== Source material ==
Segment Open

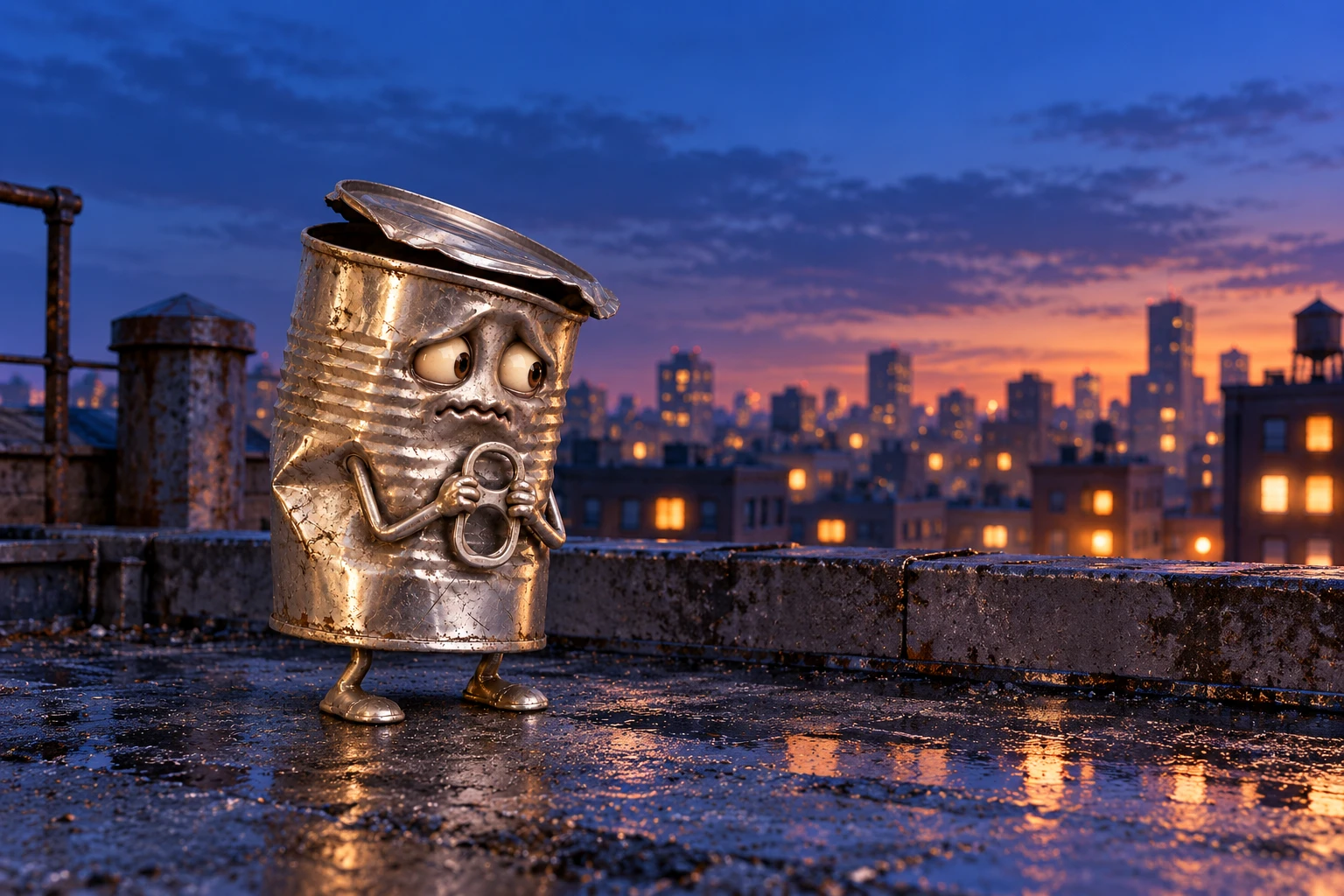 Sad Can on a rooftop at blue twilight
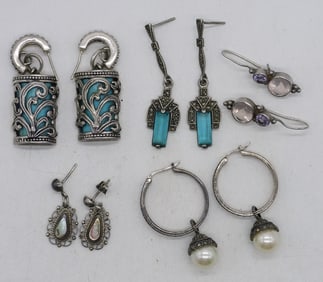 5 Pair 925 Marcasite Gemstone Earrings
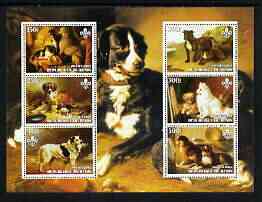 Benin 2003 Paintings of Dogs perf sheetlet containing 6 values each with Scouts Logo unmounted mint, stamps on , stamps on  stamps on scouts, stamps on  stamps on dogs, stamps on  stamps on arts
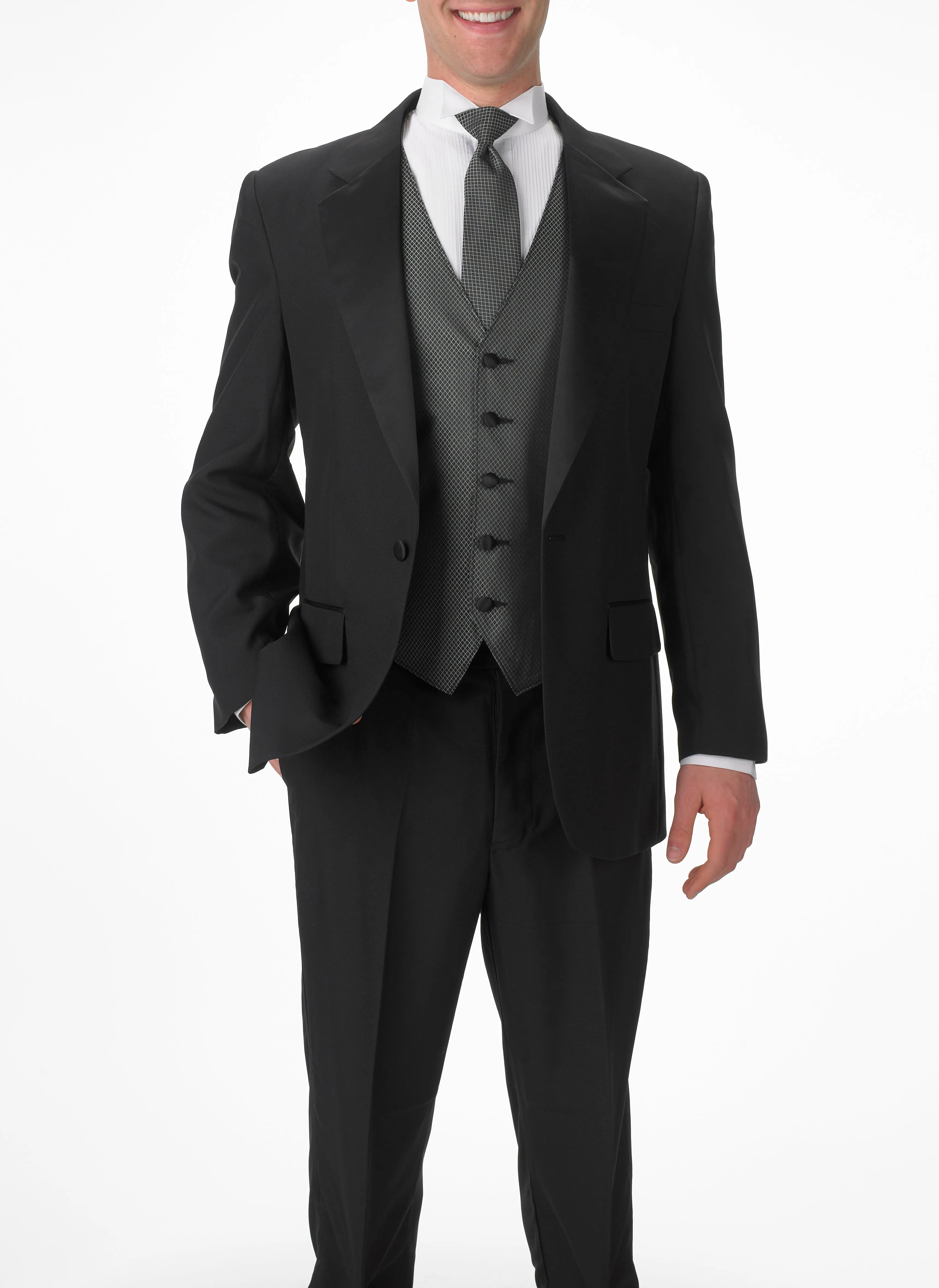Men's Black, Single Breasted, 1-Button, Satin Notch Lapel Tuxedo Jacket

Segment Closed

== Goal of the exercise ==
Retype all the data exactly, please, without pictures.

== Final answer ==
 Sad Can on a rooftop at blue twilight
 5 Pair 925 Marcasite Gemstone Earrings
 Benin 2003 Paintings of Dogs perf sheetlet containing 6 values each with Scouts Logo unmounted mint, stamps on , stamps on  stamps on scouts, stamps on  stamps on dogs, stamps on  stamps on arts
Men's Black, Single Breasted, 1-Button, Satin Notch Lapel Tuxedo Jacket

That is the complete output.